Nicole Krauss has come up on the challenge twice now. I am mildly interested in her.

Elite 8

#3 Carlos Ruiz Zafon over #16 Virginia Woolf

Virginia Woolf loses here because I have already read To the Lighthouse. It is of course a great book, or at least I thought it was at the time that I read it, but I am curious enough about the highly seeded Zafon to be comfortable pressing forward with him.

#4 Betty Smith over #15 Salman Rushdie

Another grinder for Betty Smith over a powerful modern brand. However, her book was still shorter as well as older, and she was the higher seed as well. Those are deciding factors in this tournament.

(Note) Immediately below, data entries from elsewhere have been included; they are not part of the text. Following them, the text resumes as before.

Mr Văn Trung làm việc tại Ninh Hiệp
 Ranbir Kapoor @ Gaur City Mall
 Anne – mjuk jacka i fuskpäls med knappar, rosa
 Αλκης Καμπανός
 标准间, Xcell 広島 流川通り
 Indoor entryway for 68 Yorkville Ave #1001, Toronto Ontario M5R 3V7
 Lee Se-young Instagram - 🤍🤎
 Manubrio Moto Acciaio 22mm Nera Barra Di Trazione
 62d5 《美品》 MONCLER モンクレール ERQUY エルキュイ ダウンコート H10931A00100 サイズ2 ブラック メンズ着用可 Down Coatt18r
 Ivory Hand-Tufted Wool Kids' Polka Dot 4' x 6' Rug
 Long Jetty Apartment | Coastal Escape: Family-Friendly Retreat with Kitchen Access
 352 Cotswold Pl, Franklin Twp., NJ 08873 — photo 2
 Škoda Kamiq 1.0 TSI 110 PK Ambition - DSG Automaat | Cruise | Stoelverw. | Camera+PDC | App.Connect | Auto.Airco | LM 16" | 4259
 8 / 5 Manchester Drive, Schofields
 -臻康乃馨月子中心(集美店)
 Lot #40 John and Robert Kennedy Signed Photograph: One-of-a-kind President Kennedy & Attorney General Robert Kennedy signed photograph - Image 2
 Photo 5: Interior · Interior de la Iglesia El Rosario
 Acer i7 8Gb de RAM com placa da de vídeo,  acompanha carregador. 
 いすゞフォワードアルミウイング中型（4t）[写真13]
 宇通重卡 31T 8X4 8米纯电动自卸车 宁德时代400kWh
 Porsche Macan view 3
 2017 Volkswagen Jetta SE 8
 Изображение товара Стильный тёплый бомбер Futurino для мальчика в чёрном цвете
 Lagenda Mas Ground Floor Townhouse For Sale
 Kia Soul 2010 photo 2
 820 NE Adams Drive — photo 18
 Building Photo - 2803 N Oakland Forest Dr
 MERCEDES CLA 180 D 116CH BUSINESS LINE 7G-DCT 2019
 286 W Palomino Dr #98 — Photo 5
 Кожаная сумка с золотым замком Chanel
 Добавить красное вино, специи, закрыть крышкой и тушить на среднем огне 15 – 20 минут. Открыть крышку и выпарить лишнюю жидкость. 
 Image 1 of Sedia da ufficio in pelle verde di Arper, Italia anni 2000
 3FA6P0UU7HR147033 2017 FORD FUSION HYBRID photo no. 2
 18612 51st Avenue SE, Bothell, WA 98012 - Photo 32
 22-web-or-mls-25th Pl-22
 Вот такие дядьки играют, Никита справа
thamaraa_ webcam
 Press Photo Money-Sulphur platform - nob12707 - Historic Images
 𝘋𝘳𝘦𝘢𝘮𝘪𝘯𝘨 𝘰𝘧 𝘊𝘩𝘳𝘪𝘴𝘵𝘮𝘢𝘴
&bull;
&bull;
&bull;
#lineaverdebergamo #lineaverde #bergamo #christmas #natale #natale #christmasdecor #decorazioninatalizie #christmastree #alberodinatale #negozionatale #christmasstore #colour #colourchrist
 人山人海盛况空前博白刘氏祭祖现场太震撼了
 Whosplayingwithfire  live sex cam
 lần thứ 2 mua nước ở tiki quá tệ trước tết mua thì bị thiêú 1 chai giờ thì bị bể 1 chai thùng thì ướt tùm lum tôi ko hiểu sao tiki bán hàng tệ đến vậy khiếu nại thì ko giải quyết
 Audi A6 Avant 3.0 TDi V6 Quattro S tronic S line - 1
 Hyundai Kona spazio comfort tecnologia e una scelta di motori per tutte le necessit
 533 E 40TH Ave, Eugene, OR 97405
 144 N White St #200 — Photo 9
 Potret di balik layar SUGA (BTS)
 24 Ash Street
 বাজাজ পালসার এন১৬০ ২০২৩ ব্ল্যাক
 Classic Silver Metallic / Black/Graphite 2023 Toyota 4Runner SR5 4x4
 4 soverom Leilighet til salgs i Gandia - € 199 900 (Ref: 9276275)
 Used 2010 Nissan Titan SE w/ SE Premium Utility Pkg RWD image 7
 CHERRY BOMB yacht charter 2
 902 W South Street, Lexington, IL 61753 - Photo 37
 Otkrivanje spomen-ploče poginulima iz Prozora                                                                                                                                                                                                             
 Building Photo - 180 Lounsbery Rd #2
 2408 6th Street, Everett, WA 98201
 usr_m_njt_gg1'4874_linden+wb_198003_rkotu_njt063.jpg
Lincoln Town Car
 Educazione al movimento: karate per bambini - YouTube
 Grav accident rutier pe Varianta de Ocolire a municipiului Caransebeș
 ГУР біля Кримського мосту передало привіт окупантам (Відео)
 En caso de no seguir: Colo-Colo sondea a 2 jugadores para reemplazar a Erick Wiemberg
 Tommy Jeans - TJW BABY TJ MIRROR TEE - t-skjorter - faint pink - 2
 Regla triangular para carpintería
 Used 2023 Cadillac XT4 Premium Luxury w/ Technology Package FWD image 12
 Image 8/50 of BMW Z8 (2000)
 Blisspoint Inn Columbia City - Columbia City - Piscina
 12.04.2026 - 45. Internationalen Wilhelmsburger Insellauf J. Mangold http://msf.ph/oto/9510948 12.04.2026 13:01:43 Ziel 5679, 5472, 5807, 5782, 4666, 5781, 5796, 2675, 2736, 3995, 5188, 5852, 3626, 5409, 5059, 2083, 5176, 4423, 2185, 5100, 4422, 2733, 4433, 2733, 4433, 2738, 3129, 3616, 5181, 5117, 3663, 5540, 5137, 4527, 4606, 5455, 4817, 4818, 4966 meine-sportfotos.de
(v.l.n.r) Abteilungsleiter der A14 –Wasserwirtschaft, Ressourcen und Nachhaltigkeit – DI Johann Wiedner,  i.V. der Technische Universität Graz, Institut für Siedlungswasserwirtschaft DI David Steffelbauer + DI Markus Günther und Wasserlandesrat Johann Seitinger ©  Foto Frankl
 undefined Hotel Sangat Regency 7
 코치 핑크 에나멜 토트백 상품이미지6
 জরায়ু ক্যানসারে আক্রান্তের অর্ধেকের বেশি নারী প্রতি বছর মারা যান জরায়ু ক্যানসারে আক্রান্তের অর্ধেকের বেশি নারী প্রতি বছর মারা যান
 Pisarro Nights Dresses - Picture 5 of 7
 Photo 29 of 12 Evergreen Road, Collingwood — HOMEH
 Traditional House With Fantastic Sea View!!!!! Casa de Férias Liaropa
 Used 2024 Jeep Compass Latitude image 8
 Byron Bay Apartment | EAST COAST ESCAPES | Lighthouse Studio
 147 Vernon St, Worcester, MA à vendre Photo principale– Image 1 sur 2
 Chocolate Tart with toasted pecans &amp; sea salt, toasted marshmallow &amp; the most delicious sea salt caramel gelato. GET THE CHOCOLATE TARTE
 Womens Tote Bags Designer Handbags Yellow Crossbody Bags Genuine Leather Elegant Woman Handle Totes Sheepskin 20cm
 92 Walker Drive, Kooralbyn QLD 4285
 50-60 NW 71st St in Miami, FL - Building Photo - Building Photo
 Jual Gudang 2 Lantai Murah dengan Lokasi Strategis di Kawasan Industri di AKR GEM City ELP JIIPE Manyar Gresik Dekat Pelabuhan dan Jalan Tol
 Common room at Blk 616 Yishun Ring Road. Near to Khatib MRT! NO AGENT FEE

#9 Nicole Krauss over #12 Charade

I have not read enough of the new young literary people to be be desirous of dismissing them out of hand against movies. Yet

#11 Jonathan Safran Foer over #10 Elizabeth Gaskell

Foer probably would have won here anyway due to his book's being 300 pages shorter. However a third criterion I am using is local library availability, and North and South does not seem to be in the collection of either of the libraries I can go to.

Final Four

#11 Jonathan Safron Foer Over #3 Carlos Ruiz Zafon

Availability and publication date were a wash here. Zafon got extra consideration because his book is a translation and we get so few books not written in English on the Challenge. Foer again wins by a nose because his book is 200 pages shorter. I don't mean to emphasize length so much, but I already have two literary lists I read off of, and this challenge is intended to be a means for me to find some fun reads that did not quite qualify for either of my lists and to keep in contact what is going on in contemporary life without excessive tension and anxiety.

#4 Betty Smith over #9 Nicole Krauss

Along with Foer, Betty Smith had the toughest draw in the tournament, Krauss's book is considerably shorter, but Smith wins on age and for being the higher seed.

The championship

#4 Betty Smith over #11 Jonahan Safron Foer.

Similar set-up to the Krauss win. A Tree Grows in Brooklyn is clearly the kind of book that I like, and I am looking forward to reading it.